*Your objective*:
The answer is the line with "Welcome to Magic" and every line after it to the end of the listing, retyped exactly. Pictures do not belong in it.

(Task data begins)

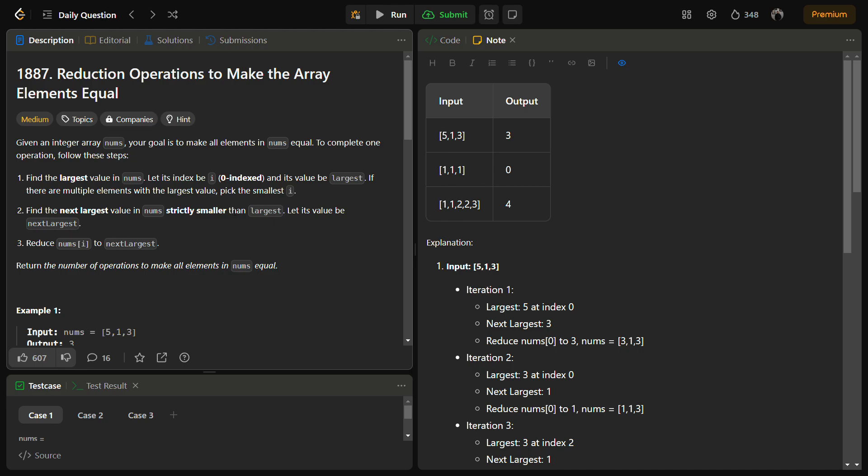Hello guys and welcome back to LeadLogics. This is the Reduction Operations to Make an Array Elements Equal — it is a LeetCode medium, number 1887. I am sure it will be an easy question for you if you watch till the end, because I am going to tell you a super simple solution. It will be a modified counting sort. Let's start with the question first.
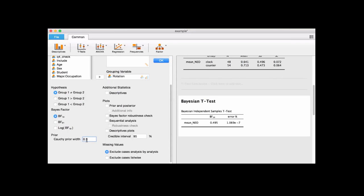You click 0.3 and hit enter and that changes the result. Usually you don't have a precise reason to pick exactly 0.3 versus 0.25 or 0.1 — there's no bright line. But what you can do is click the Bayes factor robustness check option.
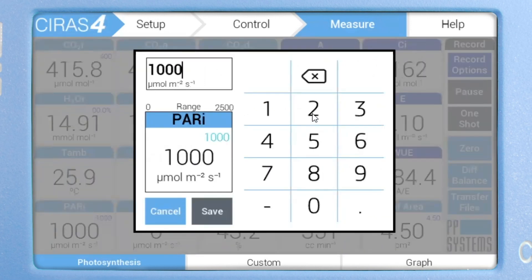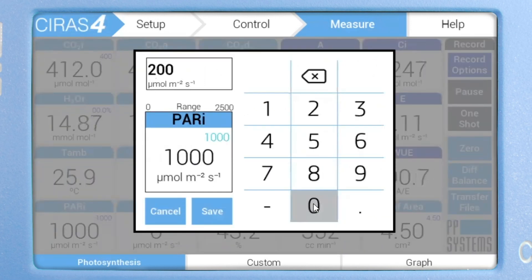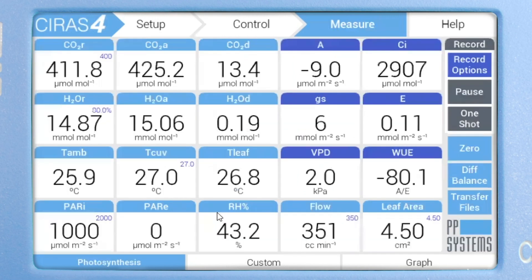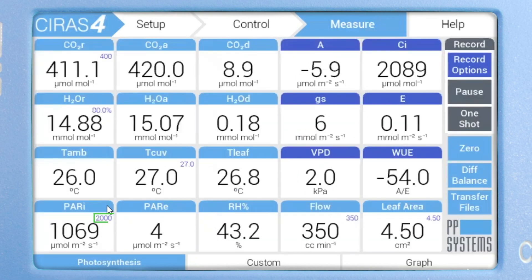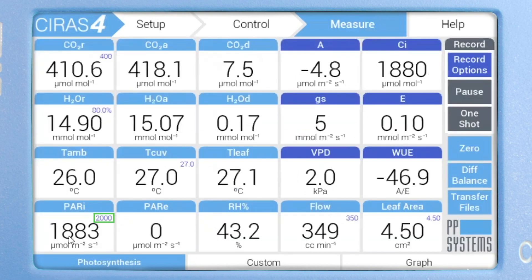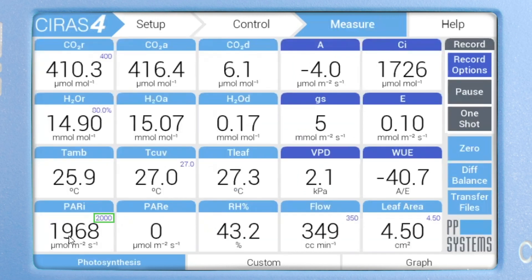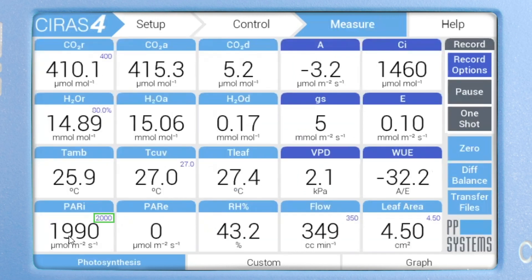Let's do the same for PAR and change the light intensity to 2000 micromoles per meter squared per second. Watch how quickly it achieves its new setpoint of 2000.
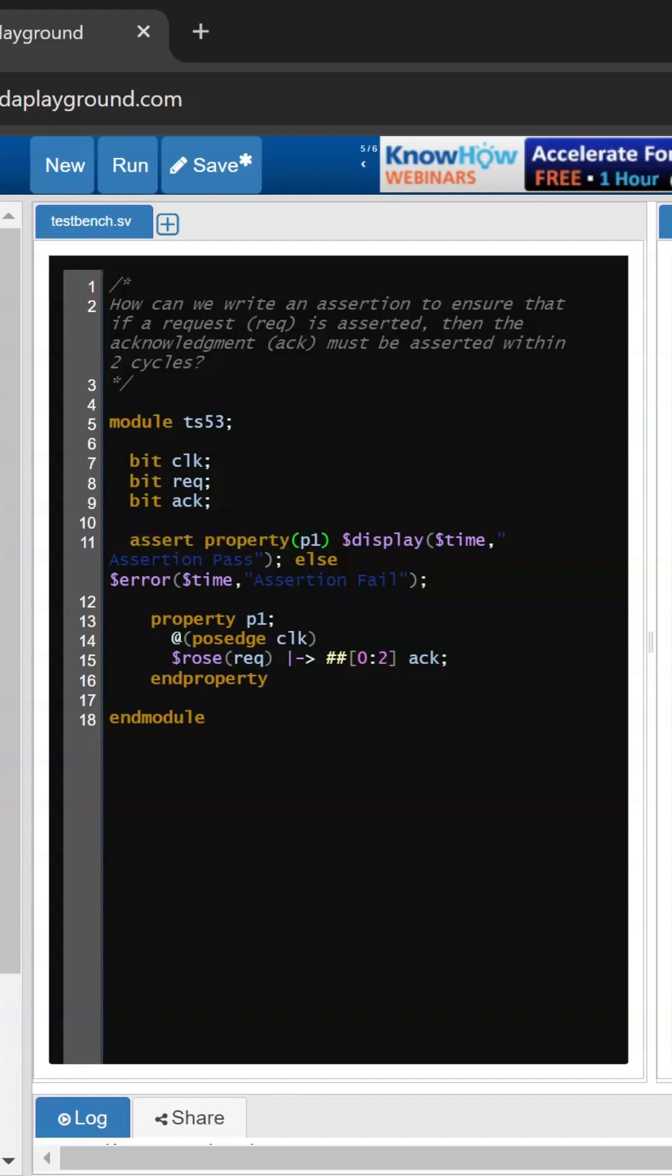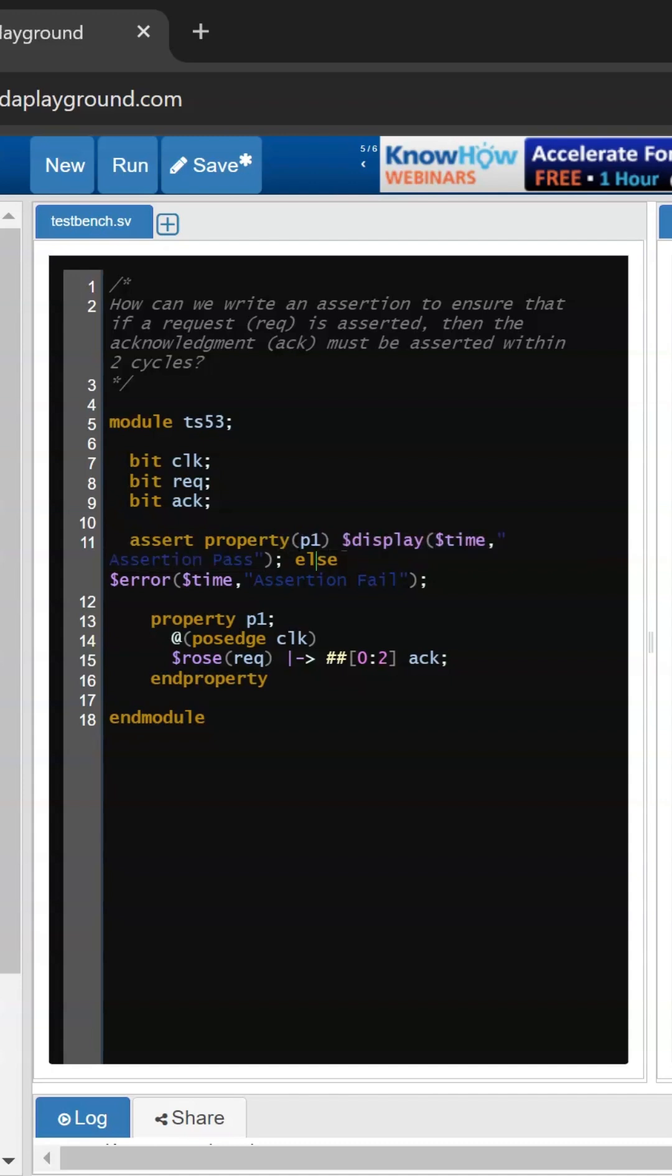So if this property or assertion will pass, then we will get the $display as assertion pass, else we will get the print error assertion fail. So let's test this assertion now.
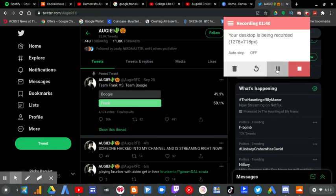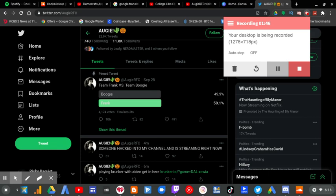Four minutes ago, he tweeted: 'Someone hacked into my channel and is streaming right now.' So the livestream you just saw was a hacked livestream.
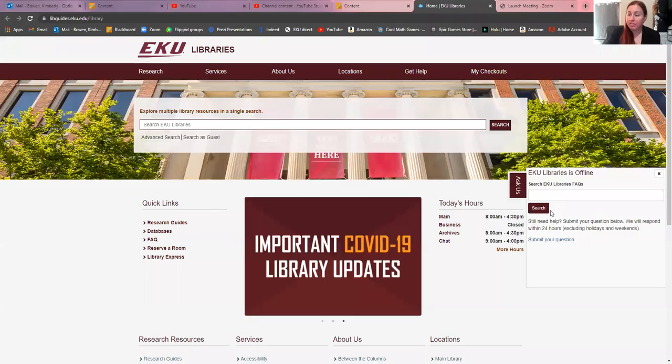Hey everyone. So real quick, I wanted to go over how to use and navigate your library website. I'm going to share my screen and we're going to talk through how to navigate this website.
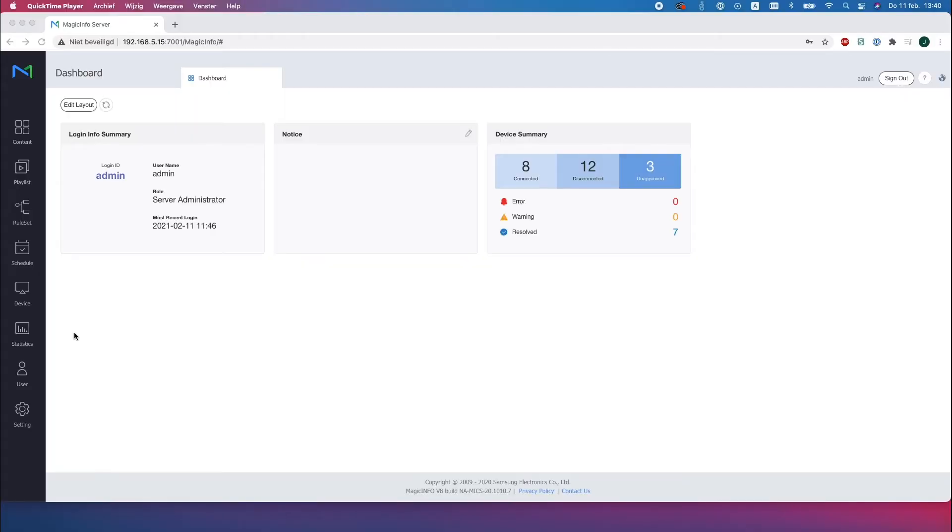Welcome to Magic Info Services. In this video I will show you how to update the firmware of your device via the server.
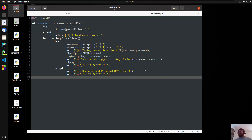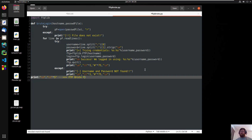We have to print a function for the header. So we print some fancy stuff — just a basic header that says 'FTP Brute Force'. If you guys want it, okay — some people like it, so whatever.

(Task data ends)

*Output below*:
Welcome to Magic Info Services. In this video I will show you how to update the firmware of your device via the server.
We have to print a function for the header. So we print some fancy stuff — just a basic header that says 'FTP Brute Force'. If you guys want it, okay — some people like it, so whatever.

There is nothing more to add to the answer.